Better recognised as the ‘Brufen’ or ‘Digene’ company, Abbott India is an excellent pharma company, with a very healthy balance sheet. Yet, looks like the rising costs have impacted this pedigreed blue chip company too.
The company follows the October-November fiscal and it has now presented the financial performance for the second quarter ended 31st August 2008. YoY, net sales of the company rose 14% but operating expenses ate away 85% of the revenue earned, leading to the OPM fall from 19.63% to 16.13%. EBITDA showed a fall of 6% and thankfully, the company being debt free, has got virtually no interest outgo. Depreciation is also miniscule. PBT fell 8%. Tax outgo was maintained at Rs.9.56 crore yet, the damage had been done.

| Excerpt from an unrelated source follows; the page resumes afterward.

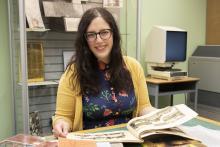 Alumna, Sarah Morris, working in the archives. 
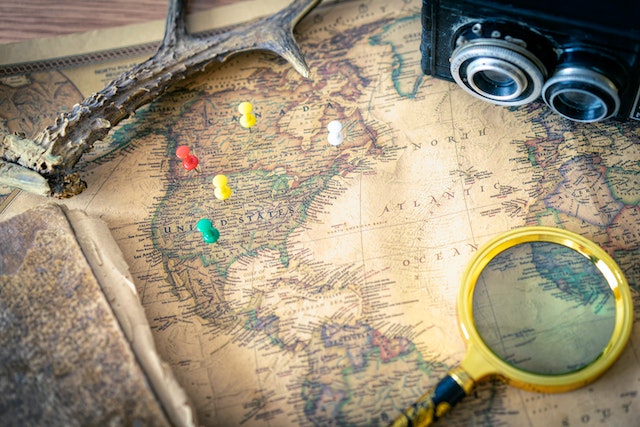 A physical map with pins as well as a magnifying lens and digital camera on it.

PAT was down 12%. NPM slipped from 12.62% to 9.73%.
Yet, this can be taken as a blip, another company which fell victim to the current circumstances. The company remains strong. It recently concluded buying back part of its shares, it bought back 797,500 fully paid up equity shares of Rs 10 each, at a price of Rs 630 per share, after which, its equity capital now stands reduced at Rs.13.67 crore, from earlier Rs.14.47 crore. Promoters holding post buy back has increased from 65.14% to 68.94%, that of FIIs has reduced to 0.73% (0.75%); financial institutions to 6% (8.79%). Public holding has come down to 24.33% (25.32%).
The main revenue earner for the company is its diabetic medicines. Its OTC drugs Brufen and Digene are leaders in their respective segments in India. Stay invested.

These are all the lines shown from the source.